Abstract

The purpose of this work was to obtain and compare reticulocyte age distribution of normal and Belgrade (b) rats. The Belgrade rat has a microcytic, hypochromic anemia associated with abnormal reticulocyte iron uptake. Samples of blood were drawn from two homozygous rats (b/b) and three heterozygous rats (t/b). Cells were cultured over 12 hours and sampled at 3 hour intervals. The reticulocyte count was performed using a staining solution composed of thiazole orange and LDS 751, a DNA binding agent. LDS 751 was used to separate RBC form nucleated cells. The differentiation between mature RBC and reticulocytes was done by means of presence of residual RNA, which also served as a marker of reticulocyte age. The in vitro changes of the fluorescence signal of the reticulocyte population allowed us to obtain the unique relationship between the signal and the age for an individual cell based on the previously developed structured population model of cultured reticulocytes. This relation was further used to transform the in vivo signal distribution into the age distribution. The obtained reticulocyte age density was used to characterize age dependence of reticulocyte appearance in blood and death. The Belgrade rats have reticulocytosis of 13.6 ± 4% whereas control rats have reticulocytes in normal range of 2.15 ± 0.4%. The aging of reticulocyte was characterized by a relative time, RT, that a reticulocyte needs to become a mature RBC. For the normal reticulocytes the RT that an average reticulocyte spent in blood is 0.84 ± 0.02 days and ranges from 0 to 2.0 days.
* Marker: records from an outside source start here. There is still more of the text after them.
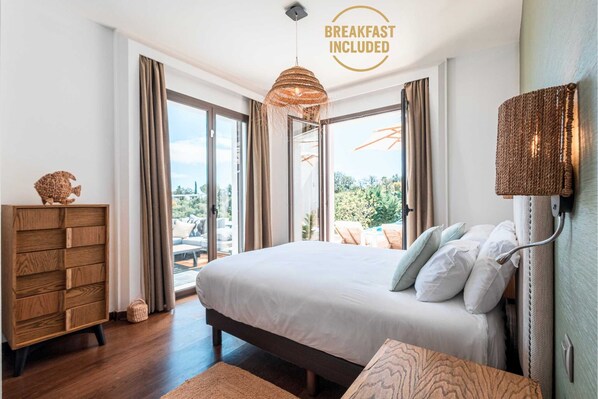 Une chambre avec un grand lit, une commode en bois et une vue sur l’extérieur.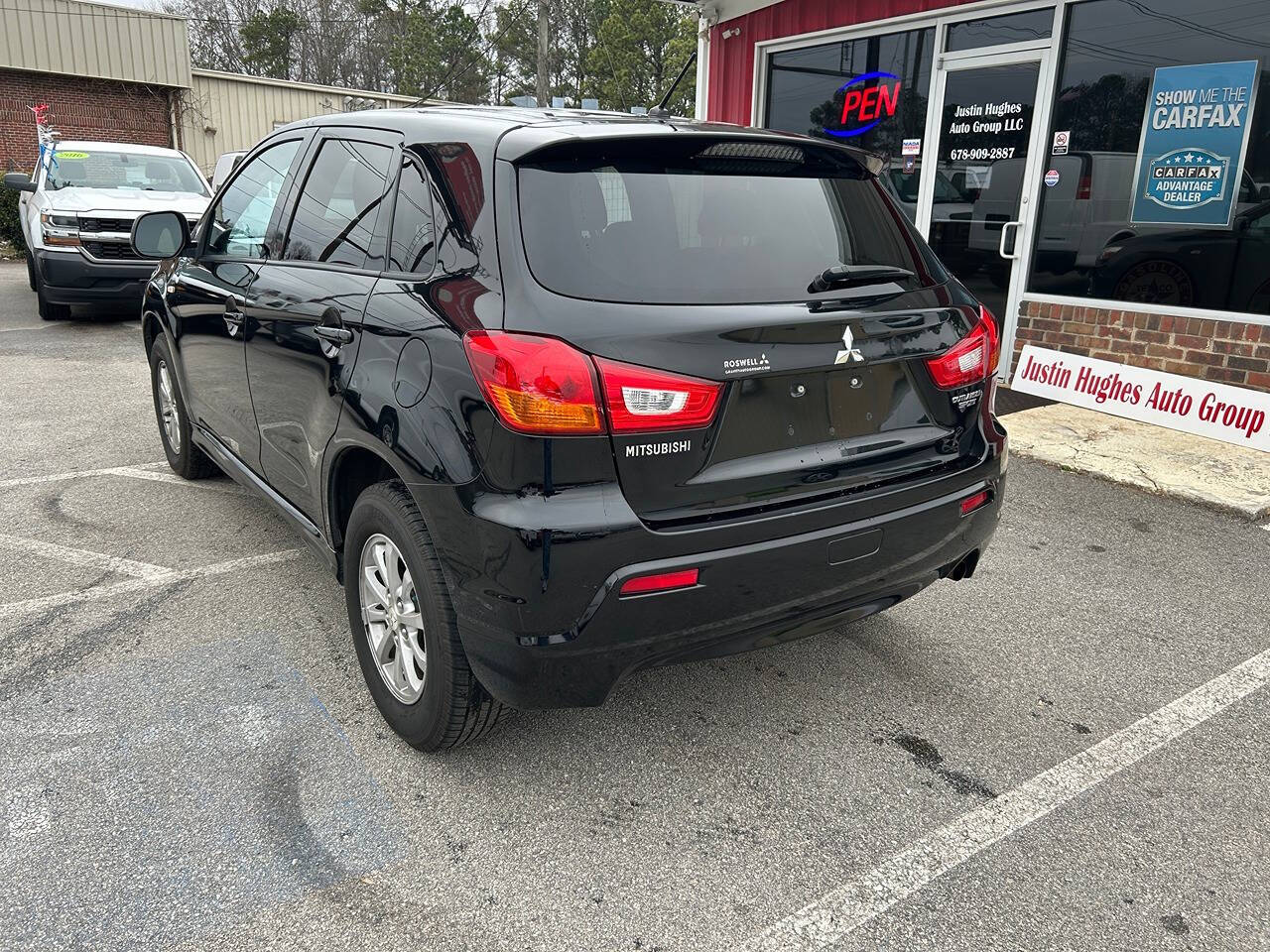 2012 Mitsubishi Outlander Sport for sale at Justin Hughes Auto Group LLC in Douglasville, GA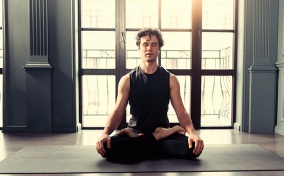 A man sits cross legged on a yoga mat with his eyes closed in meditation.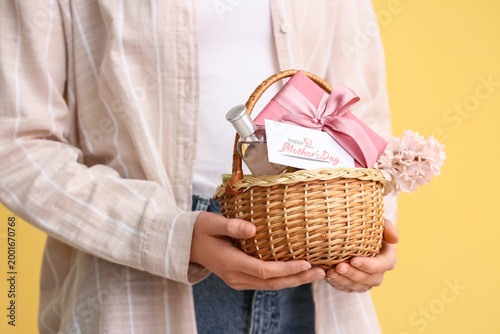 Young woman holding basket ...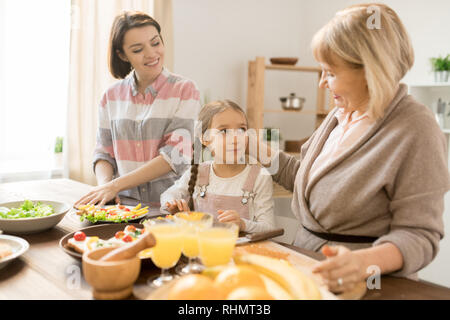 Kind grandma cuddling her granddaughter while cooking breakfast by table in the kitchen Stock Photo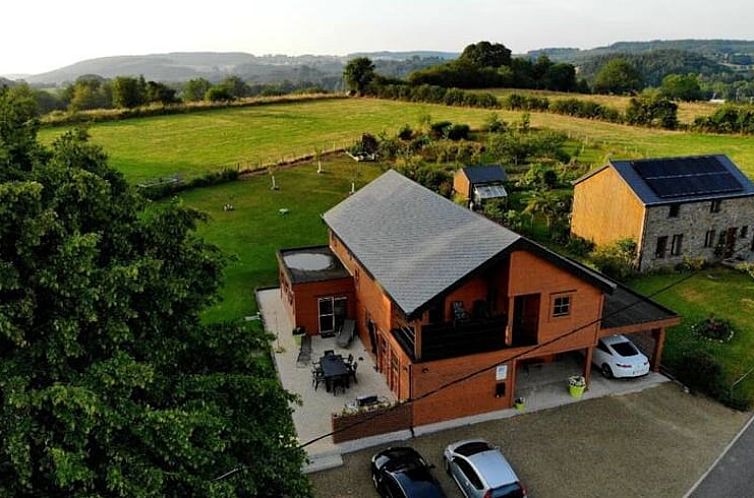 Aerial view of Holiday cottage in Rendeux with terrace and green area in Ardennes, Luxembourg, Belgium.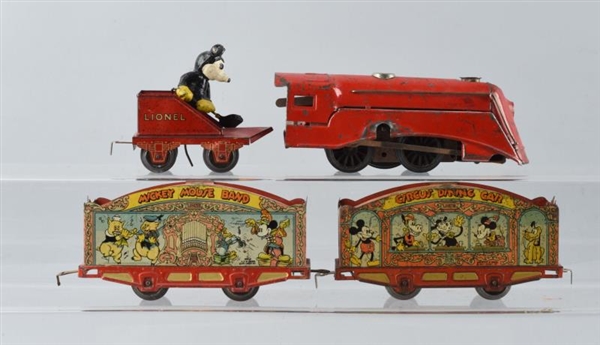LOT OF 4: LIONEL MICKEY MOUSE TIN TRAIN SET.      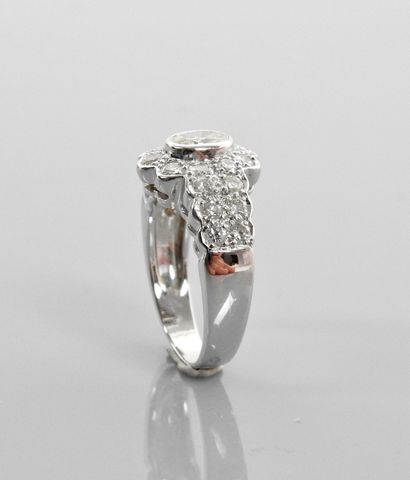 null Ring drawing a white gold floret, centered with an oval diamond weighing about...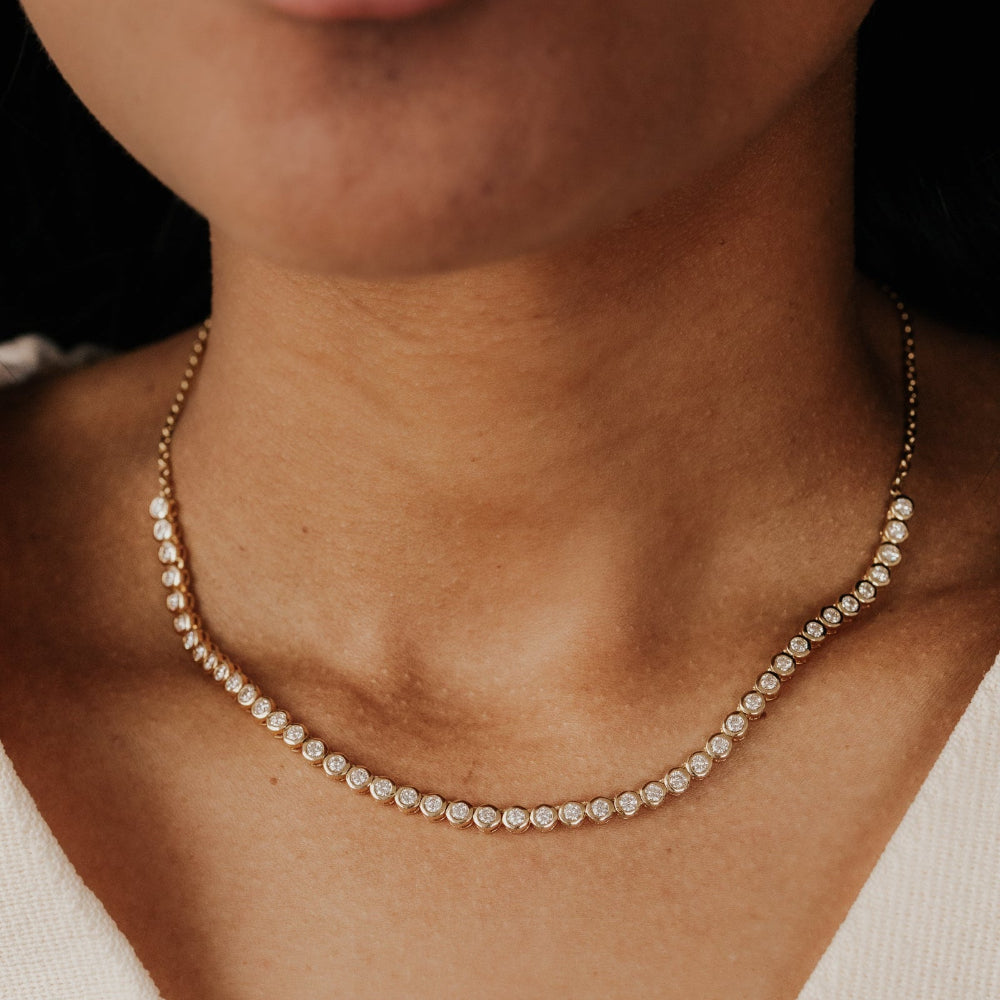 Close-up of a person wearing a delicate diamond tennis necklace on a dark background.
For Belgrade rats the time an average reticulocytes in blood needs to become a mature RBC is 1.18 ± 0.08 days and ranges from zero 0 to 2.2 days. In conclusion, the Belgrade reticulocytes are younger by about 0.4 days. The RT distributions for Belgrade rats are wider than for normal rats. Additionally, the increased death of Belgrade reticulocytes in circulation is observed. In this work the new method of studying aging of cells was successfully applied for anemic rats. It allowed us to characterize in vivo aging of normal and Belgrade reticulocytes.

Author notes

Disclosure: No relevant conflicts of interest to declare.